On the other end of the spectrum from Brad, who heroically risks losing his inheritance by agreeing that The Show Must Go On, there is the arch-fiend, who tries to prevent the show from happening. No backstage musical is complete without the stock character of the skulking show-closer. He comes in many forms: the unpaid creditor, the blackmailing cop, the implacable sheriff, the bitter has-been, the pious busybody, the jilted boyfriend, etc., but whatever form he takes, he always appears just before the opening night curtain goes up. Take a look at this clip which comes right before the finale (“Remember My Forgotten Man”).

This phony “Detective” Jones (Fred Kelsey, who appeared in over 450 pictures and almost never got a credit) is the one true villain in the picture.
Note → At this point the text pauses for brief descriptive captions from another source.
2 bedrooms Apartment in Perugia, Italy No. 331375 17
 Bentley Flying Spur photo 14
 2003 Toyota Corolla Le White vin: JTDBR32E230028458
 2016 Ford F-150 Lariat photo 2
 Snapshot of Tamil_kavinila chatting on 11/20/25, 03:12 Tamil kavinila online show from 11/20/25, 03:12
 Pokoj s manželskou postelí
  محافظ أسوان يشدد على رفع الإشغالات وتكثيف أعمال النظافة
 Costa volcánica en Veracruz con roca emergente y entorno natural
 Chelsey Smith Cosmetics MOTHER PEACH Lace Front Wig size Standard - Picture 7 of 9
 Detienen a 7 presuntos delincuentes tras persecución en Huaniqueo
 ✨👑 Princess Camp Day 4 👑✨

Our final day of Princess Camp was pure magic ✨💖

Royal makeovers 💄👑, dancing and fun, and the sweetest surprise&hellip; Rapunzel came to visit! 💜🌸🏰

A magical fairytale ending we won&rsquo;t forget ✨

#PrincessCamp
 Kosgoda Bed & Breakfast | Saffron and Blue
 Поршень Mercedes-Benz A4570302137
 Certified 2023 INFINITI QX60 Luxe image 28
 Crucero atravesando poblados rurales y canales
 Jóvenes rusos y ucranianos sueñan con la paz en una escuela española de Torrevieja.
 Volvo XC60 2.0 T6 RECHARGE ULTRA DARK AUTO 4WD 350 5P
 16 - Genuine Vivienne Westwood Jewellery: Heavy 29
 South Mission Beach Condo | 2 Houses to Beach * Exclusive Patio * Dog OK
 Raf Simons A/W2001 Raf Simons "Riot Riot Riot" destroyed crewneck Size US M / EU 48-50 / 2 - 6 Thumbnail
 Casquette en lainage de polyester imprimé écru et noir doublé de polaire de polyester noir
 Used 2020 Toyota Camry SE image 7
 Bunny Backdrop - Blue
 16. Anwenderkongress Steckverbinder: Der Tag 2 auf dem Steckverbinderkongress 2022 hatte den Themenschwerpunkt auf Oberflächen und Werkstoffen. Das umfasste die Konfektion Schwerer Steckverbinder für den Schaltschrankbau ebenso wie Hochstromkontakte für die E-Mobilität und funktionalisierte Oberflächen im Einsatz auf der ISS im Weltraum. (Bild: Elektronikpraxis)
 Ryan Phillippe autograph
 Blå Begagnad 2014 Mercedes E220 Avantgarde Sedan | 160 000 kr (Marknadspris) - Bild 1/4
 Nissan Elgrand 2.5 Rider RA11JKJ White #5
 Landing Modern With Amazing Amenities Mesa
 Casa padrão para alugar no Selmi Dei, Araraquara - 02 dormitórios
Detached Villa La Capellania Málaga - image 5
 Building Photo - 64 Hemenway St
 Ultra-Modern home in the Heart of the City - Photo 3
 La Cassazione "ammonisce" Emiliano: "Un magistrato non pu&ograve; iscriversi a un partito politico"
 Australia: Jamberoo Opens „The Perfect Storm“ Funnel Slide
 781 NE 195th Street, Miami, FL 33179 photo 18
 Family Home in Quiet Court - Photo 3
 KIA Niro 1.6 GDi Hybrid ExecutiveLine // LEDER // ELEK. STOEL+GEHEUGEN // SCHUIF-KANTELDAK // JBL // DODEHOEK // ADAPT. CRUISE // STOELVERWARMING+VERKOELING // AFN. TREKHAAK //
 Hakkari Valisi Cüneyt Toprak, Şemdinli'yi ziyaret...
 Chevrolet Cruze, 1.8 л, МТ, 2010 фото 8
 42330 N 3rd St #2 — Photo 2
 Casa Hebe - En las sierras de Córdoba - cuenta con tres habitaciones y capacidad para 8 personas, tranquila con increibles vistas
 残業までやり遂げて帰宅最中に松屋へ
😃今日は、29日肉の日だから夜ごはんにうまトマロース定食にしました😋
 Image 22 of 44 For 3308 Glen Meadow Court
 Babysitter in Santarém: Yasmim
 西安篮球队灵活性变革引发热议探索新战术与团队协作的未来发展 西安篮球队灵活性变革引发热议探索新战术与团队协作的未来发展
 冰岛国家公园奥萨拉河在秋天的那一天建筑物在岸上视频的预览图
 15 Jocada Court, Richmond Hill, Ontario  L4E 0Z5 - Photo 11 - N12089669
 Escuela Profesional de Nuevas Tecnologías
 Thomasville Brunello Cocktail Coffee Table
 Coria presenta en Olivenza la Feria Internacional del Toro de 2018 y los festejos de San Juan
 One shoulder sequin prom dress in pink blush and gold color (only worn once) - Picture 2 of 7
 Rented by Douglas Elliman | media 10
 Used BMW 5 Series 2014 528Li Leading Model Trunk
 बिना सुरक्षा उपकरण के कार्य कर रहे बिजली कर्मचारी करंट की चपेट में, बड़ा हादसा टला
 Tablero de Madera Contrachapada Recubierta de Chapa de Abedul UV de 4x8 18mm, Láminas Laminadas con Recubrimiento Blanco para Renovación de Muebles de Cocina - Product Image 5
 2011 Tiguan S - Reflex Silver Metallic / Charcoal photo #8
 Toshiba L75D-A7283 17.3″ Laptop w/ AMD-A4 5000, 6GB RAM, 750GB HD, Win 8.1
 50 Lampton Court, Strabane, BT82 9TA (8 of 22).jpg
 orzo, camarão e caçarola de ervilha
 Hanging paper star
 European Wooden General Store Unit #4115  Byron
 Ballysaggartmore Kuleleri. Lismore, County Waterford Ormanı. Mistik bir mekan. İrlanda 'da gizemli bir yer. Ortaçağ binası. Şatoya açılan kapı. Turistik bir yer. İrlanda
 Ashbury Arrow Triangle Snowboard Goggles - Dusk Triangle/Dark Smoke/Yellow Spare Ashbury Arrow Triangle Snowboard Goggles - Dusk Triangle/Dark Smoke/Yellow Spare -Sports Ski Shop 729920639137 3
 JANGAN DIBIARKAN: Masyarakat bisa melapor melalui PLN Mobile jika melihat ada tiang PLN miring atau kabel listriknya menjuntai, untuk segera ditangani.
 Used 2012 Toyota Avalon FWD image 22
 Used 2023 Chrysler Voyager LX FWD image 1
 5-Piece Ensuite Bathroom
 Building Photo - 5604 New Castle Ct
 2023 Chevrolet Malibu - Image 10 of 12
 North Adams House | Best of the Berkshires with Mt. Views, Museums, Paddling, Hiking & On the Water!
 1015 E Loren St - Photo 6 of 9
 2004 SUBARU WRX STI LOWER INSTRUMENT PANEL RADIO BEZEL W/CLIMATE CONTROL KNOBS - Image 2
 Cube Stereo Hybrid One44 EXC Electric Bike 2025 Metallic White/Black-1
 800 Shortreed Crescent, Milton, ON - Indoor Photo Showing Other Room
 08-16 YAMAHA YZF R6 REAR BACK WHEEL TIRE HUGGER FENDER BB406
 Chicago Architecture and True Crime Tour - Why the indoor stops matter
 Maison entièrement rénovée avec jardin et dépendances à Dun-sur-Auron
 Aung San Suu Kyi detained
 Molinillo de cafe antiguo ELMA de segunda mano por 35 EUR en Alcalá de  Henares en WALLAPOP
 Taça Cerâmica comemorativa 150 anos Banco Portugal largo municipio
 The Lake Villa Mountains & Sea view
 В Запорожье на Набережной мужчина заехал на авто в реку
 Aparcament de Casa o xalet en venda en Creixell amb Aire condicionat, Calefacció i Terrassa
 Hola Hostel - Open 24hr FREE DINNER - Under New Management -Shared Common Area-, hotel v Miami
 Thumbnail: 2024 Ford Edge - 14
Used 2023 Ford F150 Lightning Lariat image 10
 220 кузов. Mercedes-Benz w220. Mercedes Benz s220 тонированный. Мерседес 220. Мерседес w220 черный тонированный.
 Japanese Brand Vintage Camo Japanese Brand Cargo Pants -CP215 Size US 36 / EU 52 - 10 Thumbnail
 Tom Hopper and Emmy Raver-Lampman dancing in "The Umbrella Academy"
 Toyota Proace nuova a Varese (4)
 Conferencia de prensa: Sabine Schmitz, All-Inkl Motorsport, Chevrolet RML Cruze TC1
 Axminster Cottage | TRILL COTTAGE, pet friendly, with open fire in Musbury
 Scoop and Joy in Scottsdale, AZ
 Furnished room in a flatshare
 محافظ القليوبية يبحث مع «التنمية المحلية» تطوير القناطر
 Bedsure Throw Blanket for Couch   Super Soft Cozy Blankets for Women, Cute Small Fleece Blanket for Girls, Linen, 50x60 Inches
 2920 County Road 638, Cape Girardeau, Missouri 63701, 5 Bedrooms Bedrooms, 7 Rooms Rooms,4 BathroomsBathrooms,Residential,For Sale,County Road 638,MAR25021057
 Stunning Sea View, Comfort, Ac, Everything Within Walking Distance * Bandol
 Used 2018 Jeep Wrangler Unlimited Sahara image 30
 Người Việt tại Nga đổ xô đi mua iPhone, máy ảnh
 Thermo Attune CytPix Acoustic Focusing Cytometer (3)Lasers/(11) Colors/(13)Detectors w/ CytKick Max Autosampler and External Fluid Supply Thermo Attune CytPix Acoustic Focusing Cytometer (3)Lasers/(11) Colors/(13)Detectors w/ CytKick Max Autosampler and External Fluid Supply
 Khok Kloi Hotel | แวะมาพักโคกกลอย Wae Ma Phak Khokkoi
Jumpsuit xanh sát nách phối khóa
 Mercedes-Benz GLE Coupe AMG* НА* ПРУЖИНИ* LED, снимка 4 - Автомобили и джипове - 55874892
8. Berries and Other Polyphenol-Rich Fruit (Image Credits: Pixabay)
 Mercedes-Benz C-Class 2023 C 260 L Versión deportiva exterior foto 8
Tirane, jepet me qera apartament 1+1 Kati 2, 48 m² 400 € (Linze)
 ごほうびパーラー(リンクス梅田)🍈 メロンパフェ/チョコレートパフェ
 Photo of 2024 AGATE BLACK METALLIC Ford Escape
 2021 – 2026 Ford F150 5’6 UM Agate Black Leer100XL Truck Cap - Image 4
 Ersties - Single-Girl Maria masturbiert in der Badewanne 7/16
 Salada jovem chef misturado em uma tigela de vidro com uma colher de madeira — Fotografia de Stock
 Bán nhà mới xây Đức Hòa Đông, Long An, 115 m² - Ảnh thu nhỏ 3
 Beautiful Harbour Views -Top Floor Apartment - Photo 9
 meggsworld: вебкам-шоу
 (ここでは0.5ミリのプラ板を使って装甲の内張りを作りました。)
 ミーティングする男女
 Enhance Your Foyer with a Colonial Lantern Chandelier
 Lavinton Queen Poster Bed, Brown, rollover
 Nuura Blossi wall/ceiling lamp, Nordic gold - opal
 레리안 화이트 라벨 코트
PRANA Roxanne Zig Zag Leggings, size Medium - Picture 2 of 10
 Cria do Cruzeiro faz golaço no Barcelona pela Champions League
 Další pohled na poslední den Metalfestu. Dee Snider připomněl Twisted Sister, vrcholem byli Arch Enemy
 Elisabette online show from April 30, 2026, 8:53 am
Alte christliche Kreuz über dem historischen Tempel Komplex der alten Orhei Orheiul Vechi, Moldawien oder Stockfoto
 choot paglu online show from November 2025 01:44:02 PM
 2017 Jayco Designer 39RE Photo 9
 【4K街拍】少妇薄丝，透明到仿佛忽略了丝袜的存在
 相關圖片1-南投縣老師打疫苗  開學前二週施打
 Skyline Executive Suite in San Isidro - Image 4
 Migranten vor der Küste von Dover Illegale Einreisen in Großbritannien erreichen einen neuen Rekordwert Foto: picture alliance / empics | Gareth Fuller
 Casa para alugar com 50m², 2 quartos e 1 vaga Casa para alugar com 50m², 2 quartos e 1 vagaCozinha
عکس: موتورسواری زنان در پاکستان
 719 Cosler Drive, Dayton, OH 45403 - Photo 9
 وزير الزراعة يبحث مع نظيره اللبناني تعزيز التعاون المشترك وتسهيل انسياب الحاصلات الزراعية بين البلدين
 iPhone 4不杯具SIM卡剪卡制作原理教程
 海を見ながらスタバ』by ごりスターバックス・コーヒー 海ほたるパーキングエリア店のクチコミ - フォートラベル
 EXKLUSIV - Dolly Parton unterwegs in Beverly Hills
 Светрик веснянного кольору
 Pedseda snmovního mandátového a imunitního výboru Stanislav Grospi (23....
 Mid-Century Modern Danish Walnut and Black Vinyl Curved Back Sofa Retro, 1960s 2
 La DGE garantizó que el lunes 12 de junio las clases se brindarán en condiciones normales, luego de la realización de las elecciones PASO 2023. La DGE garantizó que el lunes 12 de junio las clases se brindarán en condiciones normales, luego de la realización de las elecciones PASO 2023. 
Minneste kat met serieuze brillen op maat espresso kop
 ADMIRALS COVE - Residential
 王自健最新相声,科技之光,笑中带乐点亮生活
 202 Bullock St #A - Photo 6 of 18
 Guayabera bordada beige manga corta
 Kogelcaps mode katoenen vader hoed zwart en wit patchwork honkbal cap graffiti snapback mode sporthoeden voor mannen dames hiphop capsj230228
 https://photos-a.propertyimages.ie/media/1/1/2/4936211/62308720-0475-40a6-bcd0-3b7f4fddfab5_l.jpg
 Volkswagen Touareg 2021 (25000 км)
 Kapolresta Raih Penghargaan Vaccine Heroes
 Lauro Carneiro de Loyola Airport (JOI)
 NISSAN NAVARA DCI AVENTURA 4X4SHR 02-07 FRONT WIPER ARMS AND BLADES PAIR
It’s bad enough that he tries to close the show and throw the kids out of work, but he’s a veteran actor himself. In the theatrical world, an actor who doesn’t abide by the one unbreakable law, The Show Must Go On, is the lowest sort of scoundrel. Yet I find genuine pathos in his predicament: he’s as hard up as all the kids in the show, and this is the only acting work he has been able to find. It’s both funny and heartbreaking when he complains “That’s no way to speak of an artist! Why, I’ve played with Sir Henry Irving, George Arliss and David Warfield!” What an actor! Even when caught in his villainy, he can’t resist listing his credits! But Ned Sparks is having none of it.